Die derzeitigen Mehrheitsverhältnisse haben dem Europäischen Parlament (EP) eine vergleichsweise fortschrittliche Politik ermöglicht. Dadurch fungierte das EP bei ganz vielen wichtigen Dossiers (z. B. Richtlinien zu den Mindestlöhnen, zur Lohntransparenz, zur Plattformarbeit oder zu den Lieferketten sowie zu den zentralen Aspekten des European Green Deal) als treibende Kraft in der Rechtsetzung. Ohne Übertreibung kann das derzeitige EP als wichtiger Verbündeter der Arbeitnehmer:innen und Gewerkschaften betrachtet werden. Ein Rechtsruck würde dieses Selbstverständnis zum Erliegen bringen. Denn er würde nicht nur wichtige Errungenschaften des Green Deal (z. B. Verbrennerverbot ab 2035) infrage stellen, sondern uns alle zurück in die Ära der Sparmaßnahmen führen und bestenfalls einen Stillstand, wenn nicht gar Rückschritte bei Sozial- und Klimapolitik oder Gleichstellung mit sich bringen.

Damit aber nicht genug. Denn über eine „gewöhnliche“ rechtskonservative Wende hinaus stehen mit einem denkbaren Durchmarsch nationalistischer bis rechtsextremer Kräfte auch Grundpfeiler unserer Demokratie auf dem Spiel. Dem müssen wir uns gemeinsam entgegenstemmen!

Mobilisierung für ein arbeitnehmer:innenfreundliches Europa

Um dem drohenden Schreckensszenario von Rückschritt, Austerität und Demokratieabbau entgegenzuwirken, gilt es, auf eine stabile zukunftsorientierte Mehrheit im EU-Parlament hinzuarbeiten. Das erklärte Ziel aller progressiven Kräfte in Europa muss es sein, ein Europa zu gestalten, das auf Vollbeschäftigung, angemessene Löhne, hochwertige öffentliche Dienstleistungen, Gleichberechtigung und starke Arbeitnehmer:innenrechte setzt. Gleichzeitig gilt es, den Kampf gegen die Klimakrise voranzutreiben und damit anderen Weltregionen als Vorbild zu dienen. Mit einem selbstbewussten Europäischen Parlament können wir schließlich eine starke europäische Gegenmacht bilden, um dem Lobbyismus der großen Wirtschaftskonzerne, der auf eine Durchsetzung neoliberaler Politikmuster gerichtet ist, entsprechend Paroli zu bieten.

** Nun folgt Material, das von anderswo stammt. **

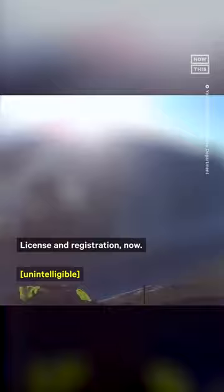License and registration now. Hold on, hold on, sorry. Give me a second, okay? No. License and registration now. Okay, okay, okay.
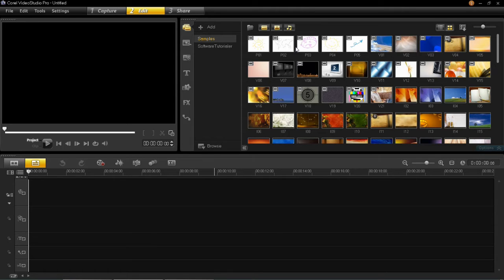Hello everyone. In this tutorial I'm going to be showing you how you can change and save the layout in VideoStudio Pro X6.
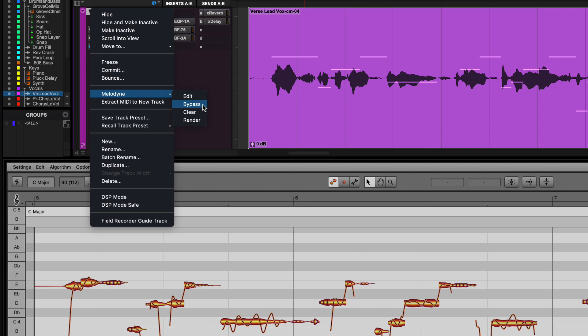To remove Melodyne edits from the track or clip, right-click and select Melodyne Clear. And to render these changes into the audio file, right-click and select Melodyne Render.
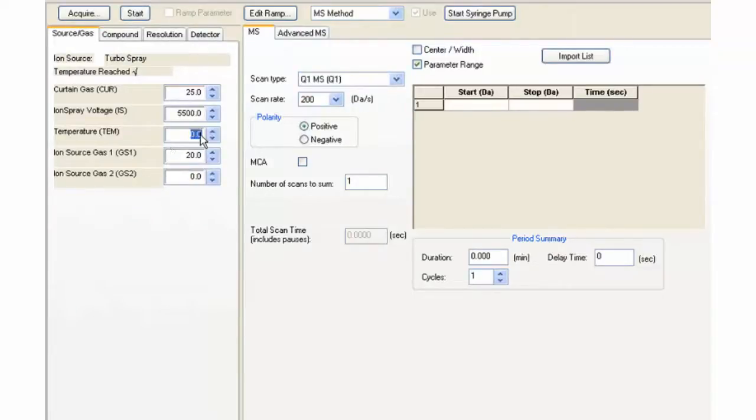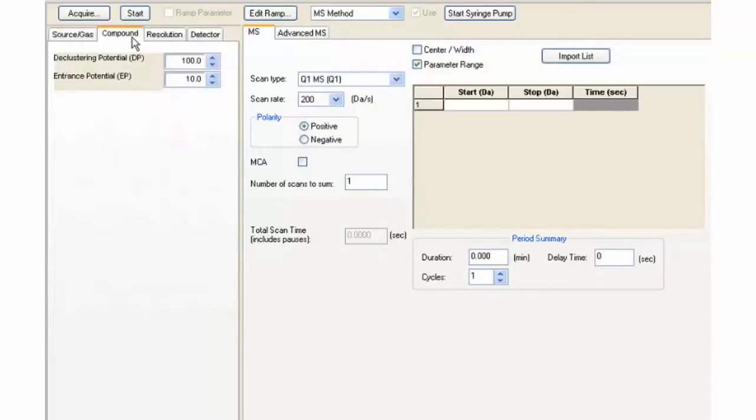Next, click on the Compound tab. Since we will be looking for PPGs, a reasonable declustering potential is needed.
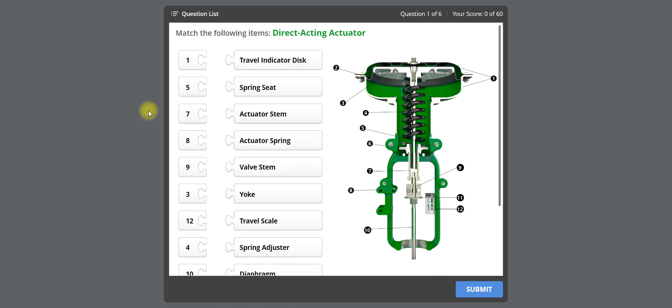You can see the results and close. I hope you enjoy this quiz to test your knowledge on control valve parts. Thank you.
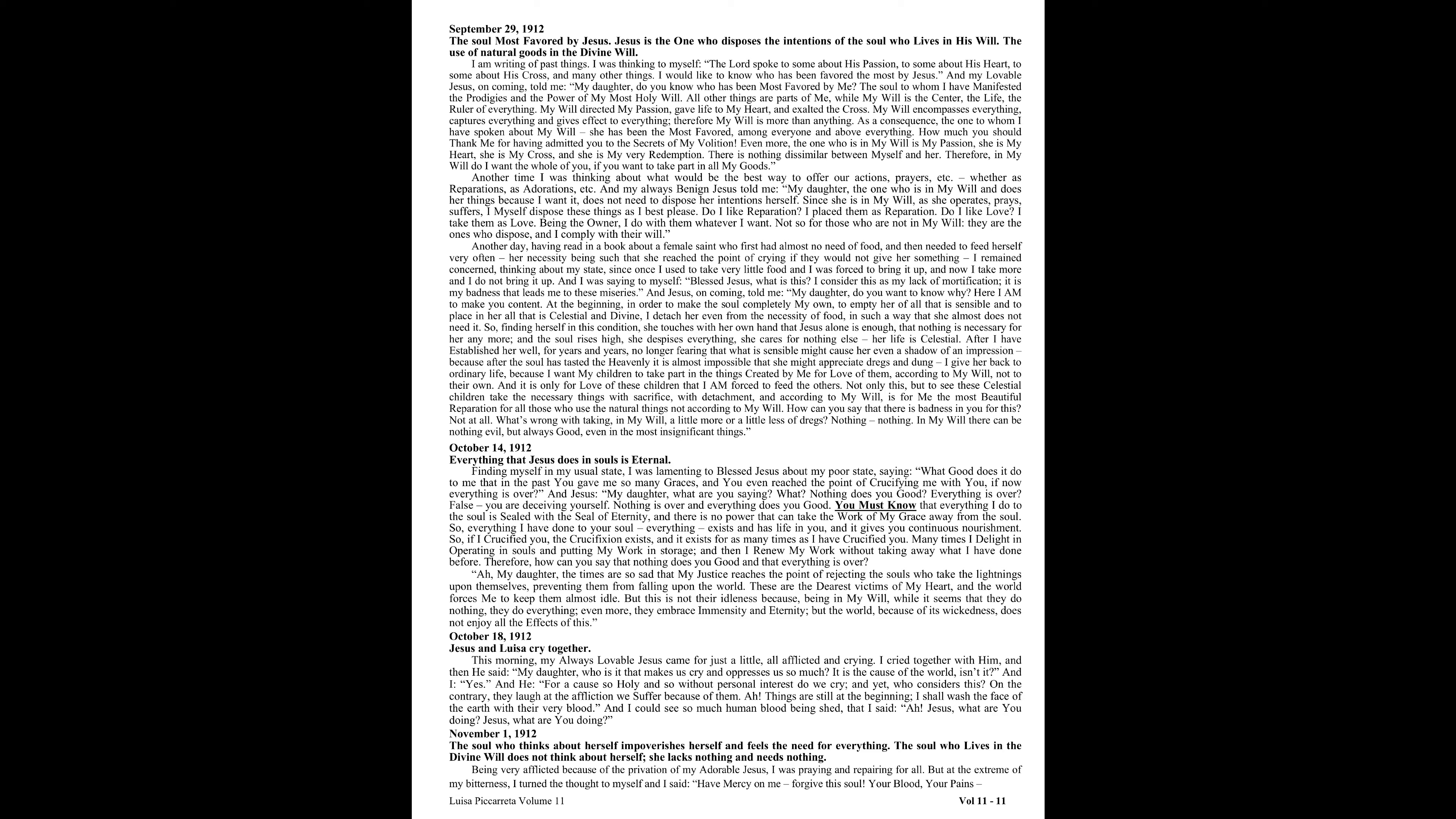Even more, the one who is in my will is my passion, she is my heart, she is my cross, and she is my very redemption. There is nothing dissimilar between myself and her. Therefore, in my will do I want the whole of you, if you want to take part in all my goods. Another time I was thinking about what would be the best way to offer our actions, prayers, and so forth, whether as reparations, as adorations, etc. And my always benign Jesus told me, my daughter, the one who is in my will and does her things because I want it does not need to dispose her intentions herself. Since she is in my will, as she operates, prays, suffers, I myself dispose these things as I best please. Do I like reparation? I place them as reparation. Do I like love? I take them as love. Being the owner, I do with them whatever I want. Not so for those who are not in my will. They are the ones who dispose, and I comply with their will.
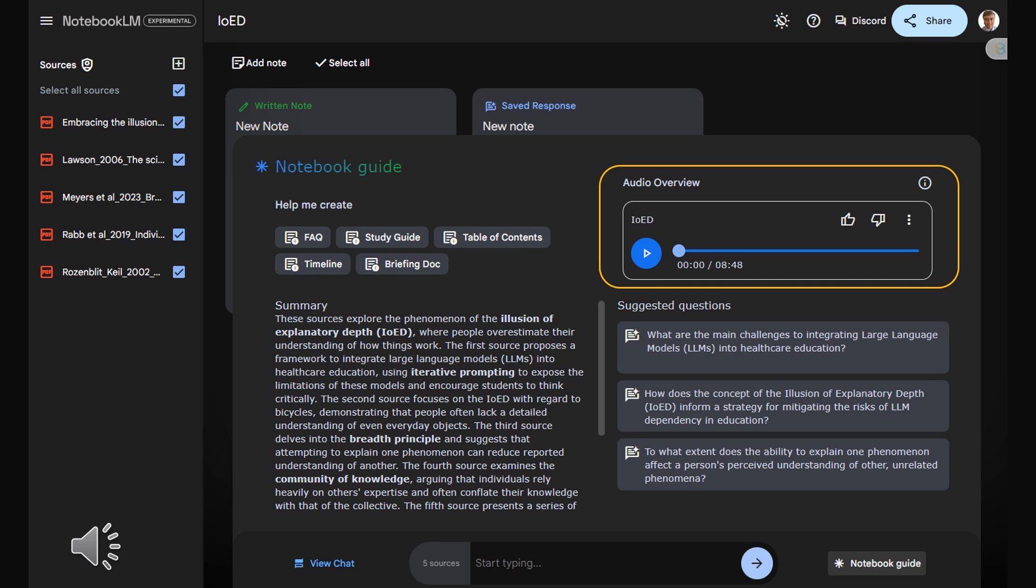That's a very relatable way to put it. And while it might sound a bit disconcerting, Myers and his colleagues argue that this breadth principle, this ripple effect of self-doubt, is actually a good thing. It's a sign of intellectual humility and awareness of the vastness of knowledge and the limitations of our own understanding.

Stimme für Demokratie als Leitmotto

Um diese Vision zu verwirklichen, ist eine aktive Teilnahme breiter Bevölkerungsteile an der Europawahl 2024 von entscheidender Bedeutung. Zu diesem Zweck haben ÖGB und AK unter dem Motto „Stimme für Demokratie“ eine breite Mobilisierungsinitiative ins Leben gerufen. Sie zielt darauf ab, Menschen dazu zu ermutigen, ihre Stimme zu erheben und am 9. Juni unbedingt wählen zu gehen. Denn jede abgegebene Stimme trägt dazu bei, eine gerechtere und solidarischere EU zu schaffen und die Demokratie gegenüber autoritären und extremistischen Tendenzen zu stärken.

Grafik: Stimme für Demokratie © A&W Blog
© A&W Blog


Mithilfe von Informationsbroschüren, Diskussionsveranstaltungen, einer eigenen Informations-Webseite und weiteren Kommunikationsmaßnahmen vermittelt die Mobilisierungsinitiative den Bürger:innen die Bedeutung einer hohen Wahlbeteiligung und wirbt für eine gerechtere und solidarischere EU. Über ein Kontaktformular stehen die Expert:innen der AK für die Beantwortung von allerlei Fragen zur EU und den EP-Wahlen zur Verfügung. Genau damit soll auch der grassierenden Verunsicherung durch diverse EU-Mythen, bewusst gestreuten Falschmeldungen bis hin zu Verschwörungstheorien begegnet werden.

Sonderserie am A&W Blog

Die Initiative „Stimme für Demokratie“ wollen wir mit einer umfassenden A&W-Blog-Serie entsprechend begleiten. Dieser Artikel markiert den Beginn dazu. Auf der Website der Initiative werden viele wichtige Aspekte der EU-Wahl und Forderungen an das nächste Europäische Parlament aufgezeigt. Ergänzend dazu bietet die A&W-Blog-Serie die Möglichkeit, weiter in die Tiefe zu gehen und jene Themenfelder genauer zu markieren, für die es sich in den nächsten fünf Jahren und darüber hinaus in der EU-Politik zu kämpfen lohnen wird.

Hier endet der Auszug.